C.S. Lewis' 'The Problem of Pain' Is More Relevant Than Ever
How we can avoid dismissing the pain of others.
It seems like no matter where you turn these days, you run into countless stories of injustice, suffering, pain, war, famine and other atrocities that seem to be plaguing our world. Over the past several weeks, many of these injustices that are generally easy to avoid thinking about and dealing with, have become unavoidable. As a white, middle-class woman living in California, rarely have I faced real pain as a result of complex systems, and strongly held societal, cultural or political traditions and beliefs. I would guess that is a reality for many of us. We know it’s there, but we don’t bear the consequences of it, so it just becomes noise.
Recently, as I’ve allowed myself to engage with the pain of others, I can’t stop thinking about all the suffering. It all hit me as I drove down a quiet road last week. So much was floating around my mind, that I hadn’t even completed my normal routine of selecting the perfect playlist to drown myself out. Instead, I thought quietly about my place in all of this chaos, and how helpless I felt. I felt hot tears start to rush down my face, and the choking breathlessness of knowing that my voice is so small against the seemingly endless sea of hurt.
It felt like fire had swept over parts of me that I try my hardest to keep hidden. That the bliss of ignorance was a lie I’d believed for too long. I started to pray that God would change my perspective. That He would make the overwhelming seem small. That what looks like a rushing wave would become a puddle. That He would show me what to do to help and how to use my voice well.
Later in the week, I attended a funeral, and as the pastor spoke of mourning, he recited the verse, “but we do not mourn like those that have no hope.” While I’ve heard that verse countless times, it hit me so profoundly that day. That verse doesn’t just apply to us mourning death, but also as we carefully dance through the minefields that seem to be everywhere right now—exploding and injuring so many. While we don’t always understand how this story will wrap up in the end, we want to believe that God does not allow people to suffer in vain. That God’s intention for the world is restoration.
There is a tension, however, even for Christians, between the suffering world and a good God. I know in my own life, this tension has sometimes cause me to hesitate to express hope or the vastness of His love for us in an effort to avoid dismissing one’s experience or suffering.
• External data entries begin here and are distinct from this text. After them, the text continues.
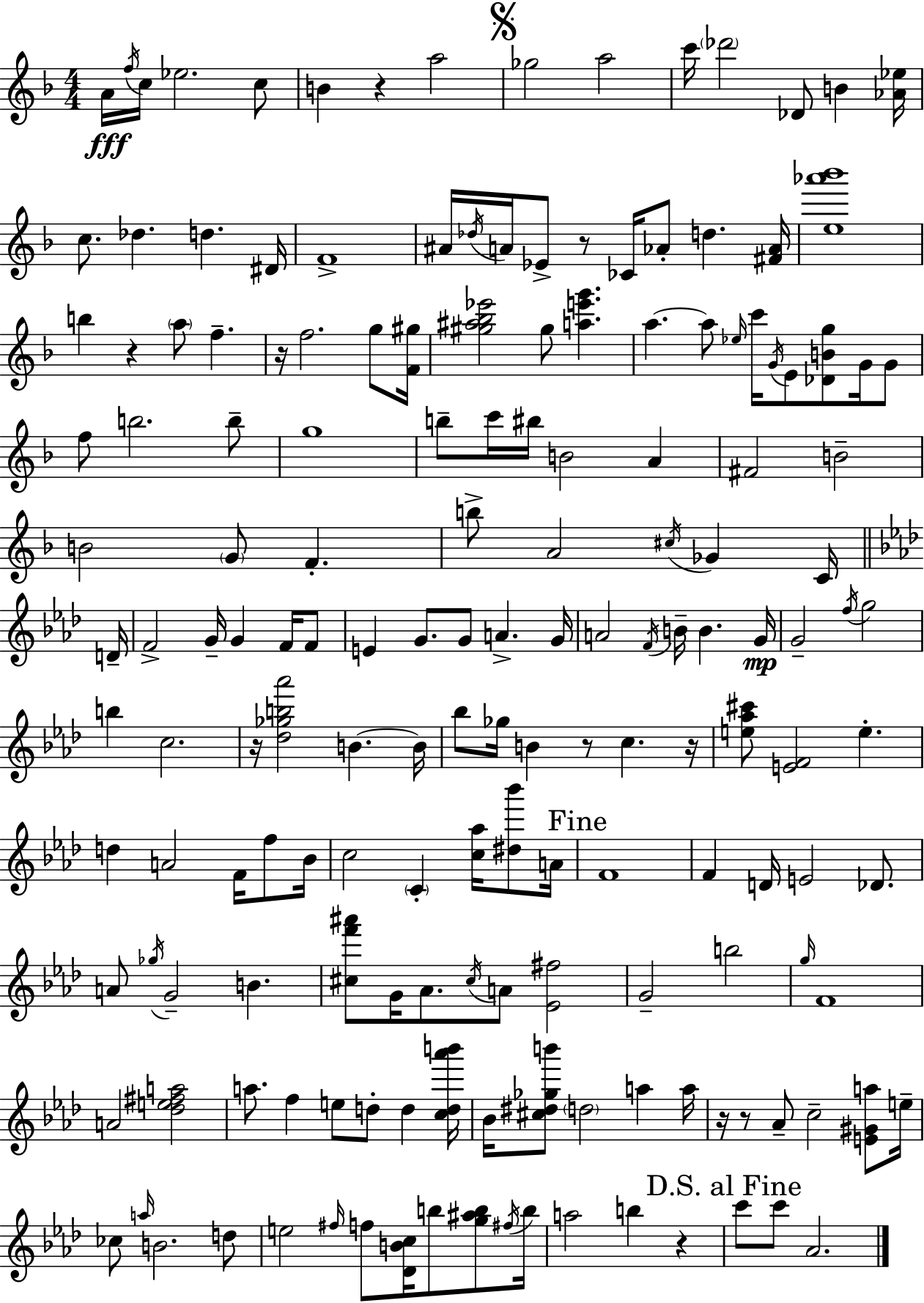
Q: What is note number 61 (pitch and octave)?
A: G4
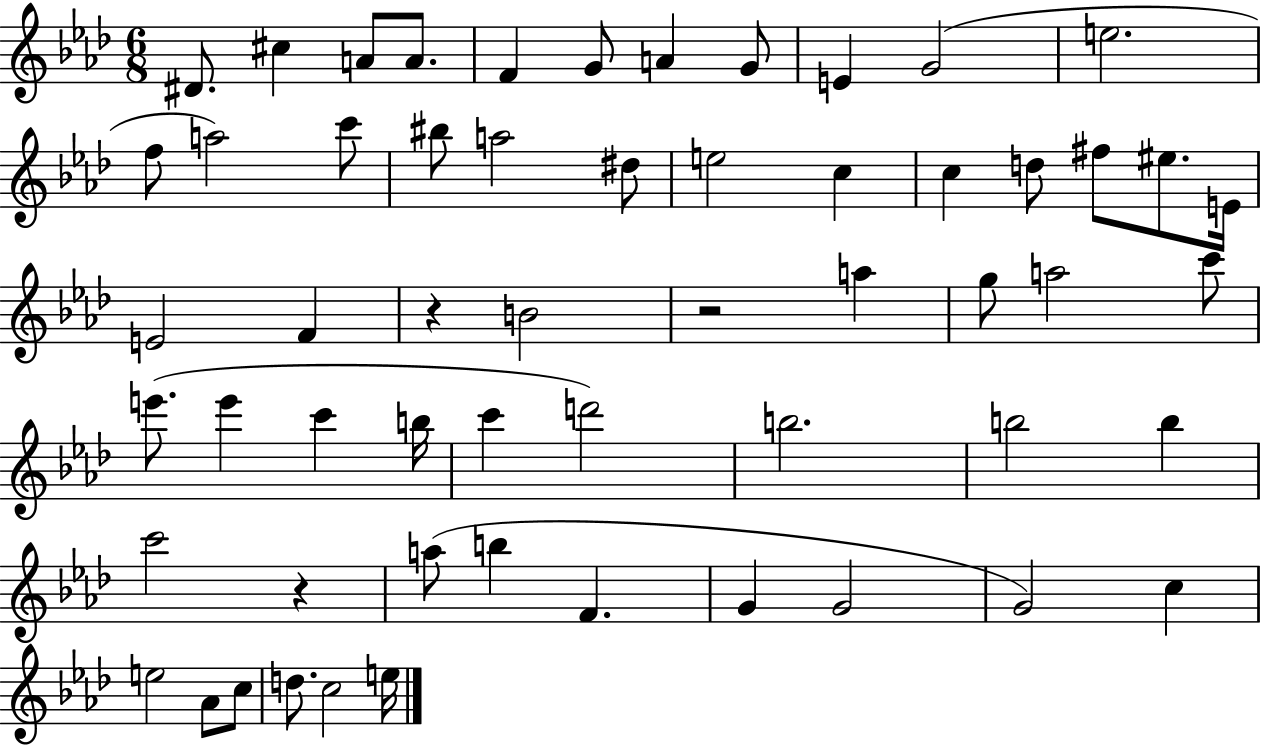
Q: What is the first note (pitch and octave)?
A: D#4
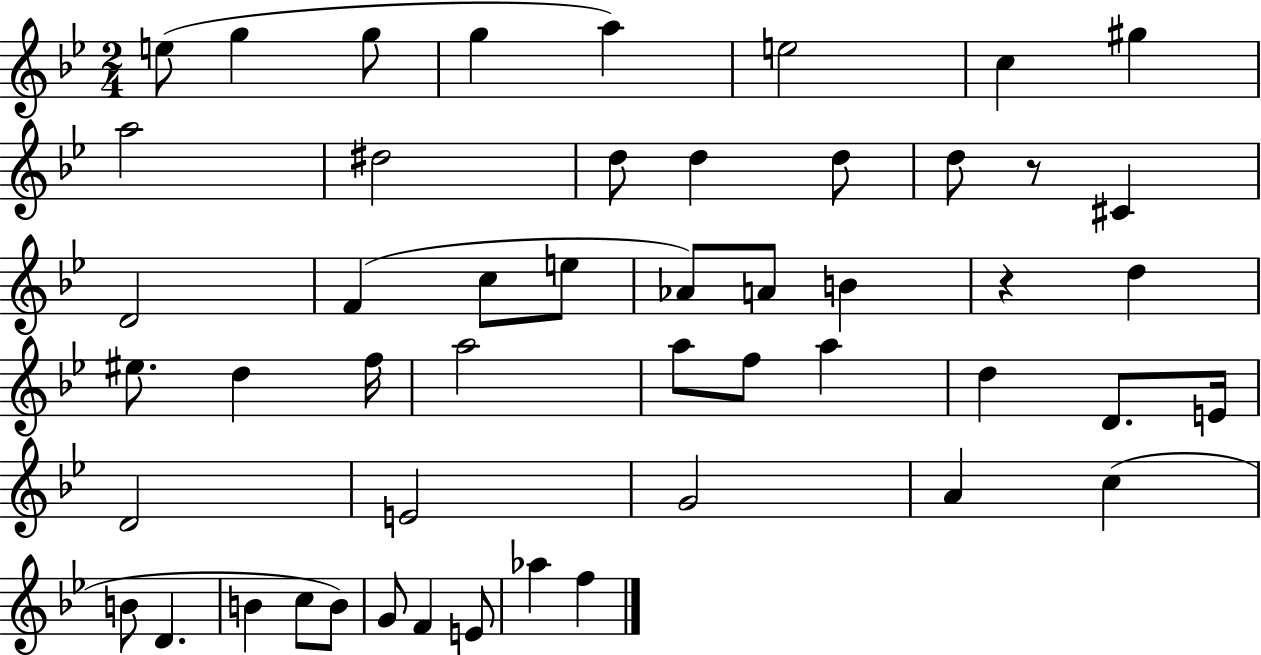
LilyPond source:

{
  \clef treble
  \numericTimeSignature
  \time 2/4
  \key bes \major
  e''8( g''4 g''8 | g''4 a''4) | e''2 | c''4 gis''4 | \break a''2 | dis''2 | d''8 d''4 d''8 | d''8 r8 cis'4 | \break d'2 | f'4( c''8 e''8 | aes'8) a'8 b'4 | r4 d''4 | \break eis''8. d''4 f''16 | a''2 | a''8 f''8 a''4 | d''4 d'8. e'16 | \break d'2 | e'2 | g'2 | a'4 c''4( | \break b'8 d'4. | b'4 c''8 b'8) | g'8 f'4 e'8 | aes''4 f''4 | \break \bar "|."
}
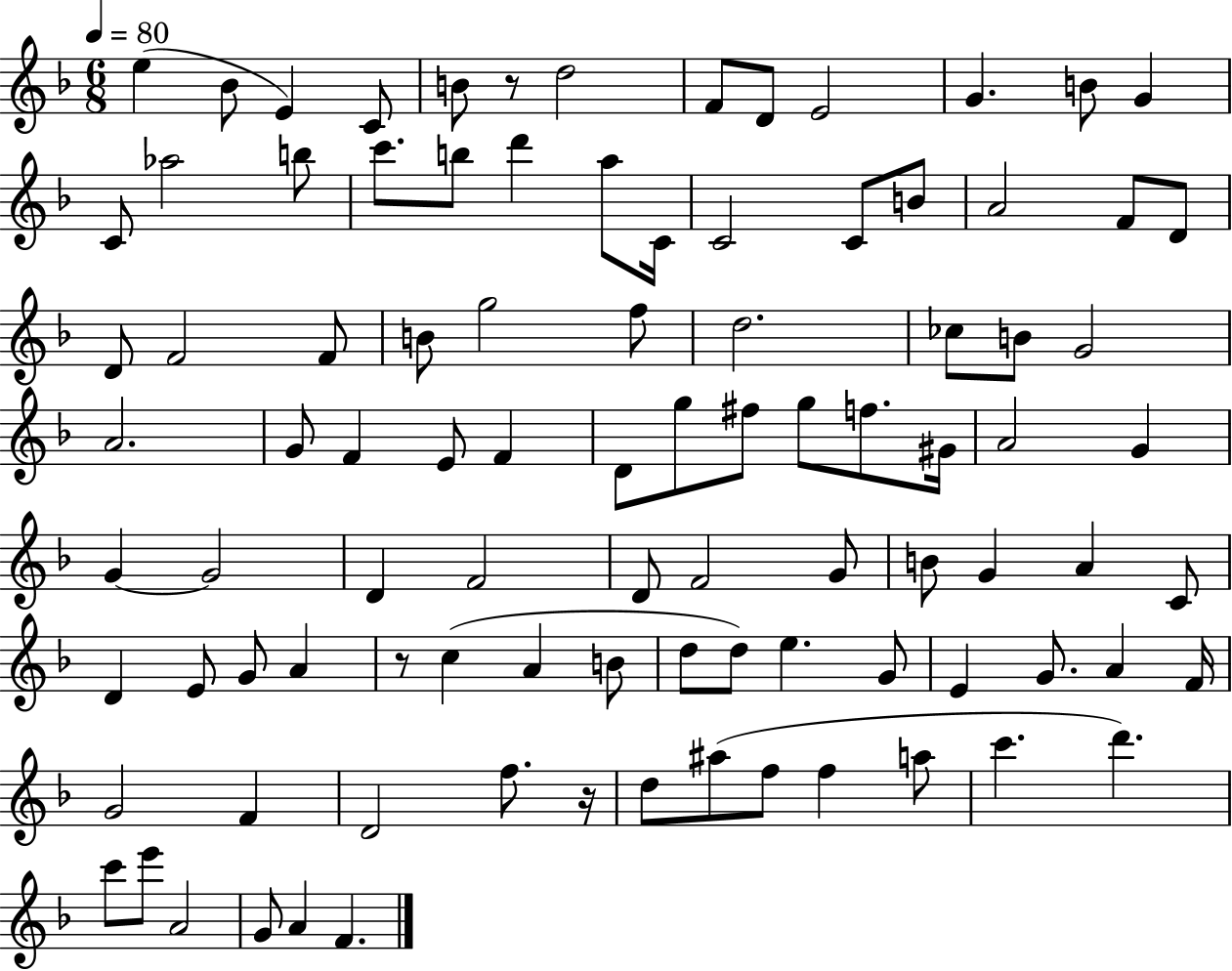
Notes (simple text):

E5/q Bb4/e E4/q C4/e B4/e R/e D5/h F4/e D4/e E4/h G4/q. B4/e G4/q C4/e Ab5/h B5/e C6/e. B5/e D6/q A5/e C4/s C4/h C4/e B4/e A4/h F4/e D4/e D4/e F4/h F4/e B4/e G5/h F5/e D5/h. CES5/e B4/e G4/h A4/h. G4/e F4/q E4/e F4/q D4/e G5/e F#5/e G5/e F5/e. G#4/s A4/h G4/q G4/q G4/h D4/q F4/h D4/e F4/h G4/e B4/e G4/q A4/q C4/e D4/q E4/e G4/e A4/q R/e C5/q A4/q B4/e D5/e D5/e E5/q. G4/e E4/q G4/e. A4/q F4/s G4/h F4/q D4/h F5/e. R/s D5/e A#5/e F5/e F5/q A5/e C6/q. D6/q. C6/e E6/e A4/h G4/e A4/q F4/q.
C.S. Lewis acknowledges this tension in his book The Problem of Pain:
The problem of reconciling human suffering with the existence of a God who loves, is only insoluble so long as we attach a trivial meaning to the word “love,” and look on things as if man were the centre of them. Man is not the centre. God does not exist for the sake of man. Man does not exist for his own sake. “Thou hast created all things, and for thy pleasure they are and were created.” We were made not primarily that we may love God (though we were made for that too) but that God may love us, that we may become objects in which the divine love may rest “well pleased.
It’s not until we have a firm grasp on the true love of God and learn to remind ourselves often that God’s love does not prevent us from suffering, that we can offer that hope to a hurting world in a way that also acknowledges that pain and suffering are real. Being dismissive of one’s experiences and feelings by using God’s love as a kind of muzzle to the expression of deep hurt, cheapens what real hope offers—which is believing someone’s story, but encouraging them that there are more chapters to go. That this isn’t the end.
God’s story has always been a story of restoration. A story that He has been writing since the days in the garden when humanity wrecked perfection. It’s impossible to flip through the pages He has been writing all these years without witnessing hope restored in dire situations. That encourages me to not lose sight of the fact that His story is still being written.
As Christians, we’re not meant to dwell in hopelessness, but we’re not meant to blind ourselves to the pain and suffering of others either. Instead, we package up our hope and carry it into the chips and cracks and broken spaces. Instead of letting the guilt of our lack of suffering leave us helpless, we give thanks for being unscathed, and show that gratefulness by climbing down into the trenches with the bloodied and binding up the wounds of the broken.
Much like the malignancy that seems to be spreading through our world, when a loved one is diagnosed with cancer, I know I can’t cure it. That doesn’t stop me from delivering a meal or driving them to a chemo appointment. If we allow ourselves to become overwhelmed with the magnitude of disease, then we become unable to do any good.
God speaks through the smallest of voices—even through ones that may not have the largest platforms or the broadest circle of influence. We all have the ability to stand up for the right thing and love people who are hurting. It would be foolish for any one of us to believe we can solve the world’s problems. It would be a waste of hope to let those problems paralyze us and prevent us from doing anything good.